To put it short, here is the problem: when I want to add a new kind of object (like “bold”, “link”, “image”, etc.) I must:
Create a new element type in “elements/”, so there is a Python object for it (usually a dataclass),
Create a parser in “source/”, so the thing could be read at all from a blog entry,
Make a HTML writer, so it compiled to .html files,
Ditto for PDF
This is at least 4 files to edit at once. I said “at least”, because very often it is more than 4 and I have to edit yet another files if the feature requires it. So, this easily put me in a situation where I’m working on ~10 files all in the same time.
So, should I rewrite my app? If so, what strategy I have to use this time?

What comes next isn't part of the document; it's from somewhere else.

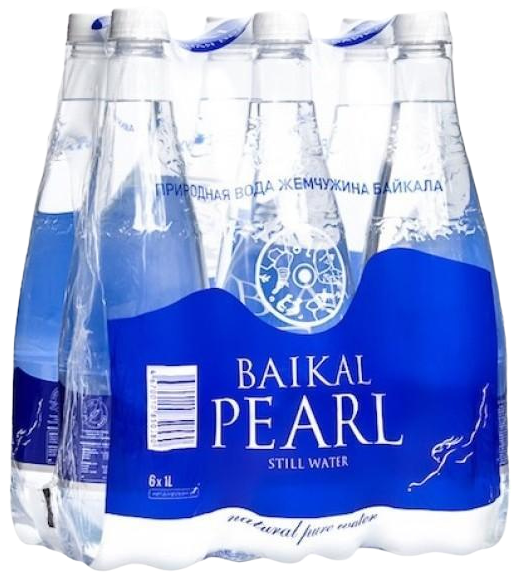 Вода Baikal Pearl (Жемчужина Байкала) 1л негазированная ПЭТ (6шт/уп)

That sounds pretty reasonable for a adding a full vertical slice to a project. The only real alternative I am aware of that you could use is a plugin based approach where the parser and the generators have hooks which allow adding elements without having to edit their source code.
For the generators this can be somewhat easily achieved by having methods on the data structures representing the elements. For the parser this is quite a bit harder and depends on how exactly it works.
(But tbf, I feel like the actual solution is to not roll your own system here and just use markdown or rst and existing compilers)
I think this is a question more of style and need. Does one need to have many files that are likely to be used in other applications? Then make the app into many source files.
I’m the only programmer responsible for the programs I write. This may explain why I do what I do. I don’t share any library files I create with anyone because there is no need, and based on past management decisions, it is very unlikely I will ever be part of a team of programmers where I will share code with them.
For me I have one local utility library where I put general use utilities. Then one file for my main app, call it app.py. I have never had any need to make more than that. And, since I’m still a beginner with Python, I don’t know how to write modules yet.
But after working with Perl for 20+ years I’ve not yet had a proven need to change this style as my programs tend to have many similarities and fewer needs as far as functionality. Most of my programs are:
Read a file.
Process the file.
Write a file of some type.
Maybe send a new file to the user via email.
I don’t do anything fancy over the internet, no fancy math, no graphing, no web site automation (yet), nothing else really.
If you think that you may need some functionality then divide your source files into modules, each with related classes or functions, but don’t overdo it relative to your current, proven needs. The modularity concept is there to make things more useful, not make them more difficult.